Mortensen é evidentemente um fã do género: além deste conhecimento dos antigos, cita-nos também na conferência de imprensa Kelly Reichardt como uma autora contemporânea também interessada em perspectivas femininas mais inusitadas no western. Para se preparar para esta realização, reviu principalmente muitos filmes do género, onde diz que se encontra um bom trabalho de direcção de arte e recriação, devido à proximidade temporal que os parentes dos actores e técnicos desses filmes, especialmente os mudos, teriam ainda com o tempo real da situação histórica. Além disso, já andou muito a cavalo em filmes, e na vida; diz-nos que cresceu a fazê-lo, desde os três, quatro anos de idade: esteve confortável nesta situação de controlo artístico e técnico total sobre o filme. Os desafios relatados são os do costume: um estar em cena com consciência de todos os aspectos técnicos à sua volta, uma maior indisponibilidade para uma cumplicidade com o restante elenco, tendo de dividir a sua atenção e tempo com todos os chefes de sector, etc.

Fotografias de Andreia Mayer

O filme tem uma adicional característica incomum, uma montagem ‘não-linear’ – de forma suave – onde além das cenas de infância de Vivienne já mencionadas acompanhamos a acção em dois momentos temporais distintos, espaçados por alguns anos. A primeira cena do filme é na verdade a morte de Vivienne na cama, e vemos depois a personagem de Viggo a proceder ao seu enterro, com o pequeno filho dos dois sentado ao seu lado; a segunda cena, um tiroteio com consequências fatais no saloon da cidade: vemos as consequências destes eventos ao longo do filme, em cenas do “presente” intercortadas com a história do encontro entre os dois protagonistas e a sua vida em comum, que ocupa a maior parte da minutagem. Viggo e o seu montador experimentaram a ordem cronológica, mas esta opção foi a preferida: ao mostrar ao espectador logo ao início o desfecho das personagens, este faz uma visualização informada pelo conhecimento desse destino funesto. Dá, diz-nos, uma importância diferente às coisas.

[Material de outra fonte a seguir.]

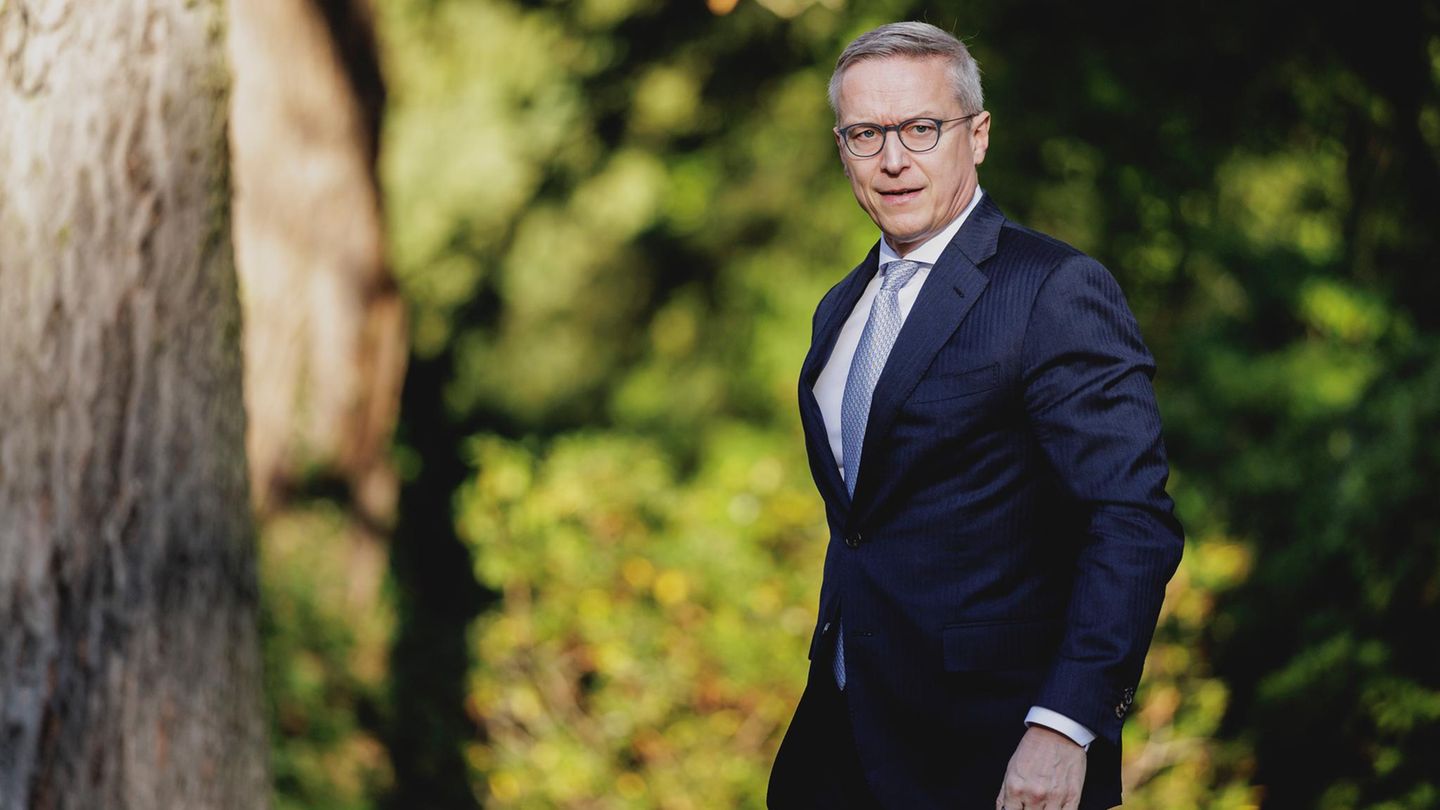 Digitalisierung: Digitalminister Karsten Wildberger auf dem Weg zur Kabinettsklausur in der Berliner Villa Borsig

Vicky Krieps é a personagem Vivienne;

The Dead Don’t Hurt, infelizmente, acaba por ser um filme muito inofensivo, com uma amplitude psicológica algo reduzida – por exemplo, os vilões são maus de uma forma muito rudimentar, gasta-se até pouco tempo nisso; o conflito final é também resolvido de uma forma algo inverosímil. Faz-nos lembrar aquele tipo de filmes com algo a oferecer a cada membro de uma tarde em família, com um pouco de acção sem exagero, um pouco de sensibilidade consensual e sem qualquer problema em uma criança estar presente. O “filme de família” é de qualquer forma porventura a expressão de ordem. Uma homenagem sentida de Viggo à sua herança, de várias maneiras; mas em termos de cinema possui talvez essa característica do quotidiano, do não-extraordinário e do comum que diz ter procurado na mulher que não é a herdeira poderosa, no western que não “vai à guerra”.

A Tribuna do Cinema gostaria de agradecer a Viggo Mortensen, ao distribuidor e a todos os responsáveis pela conferência de imprensa.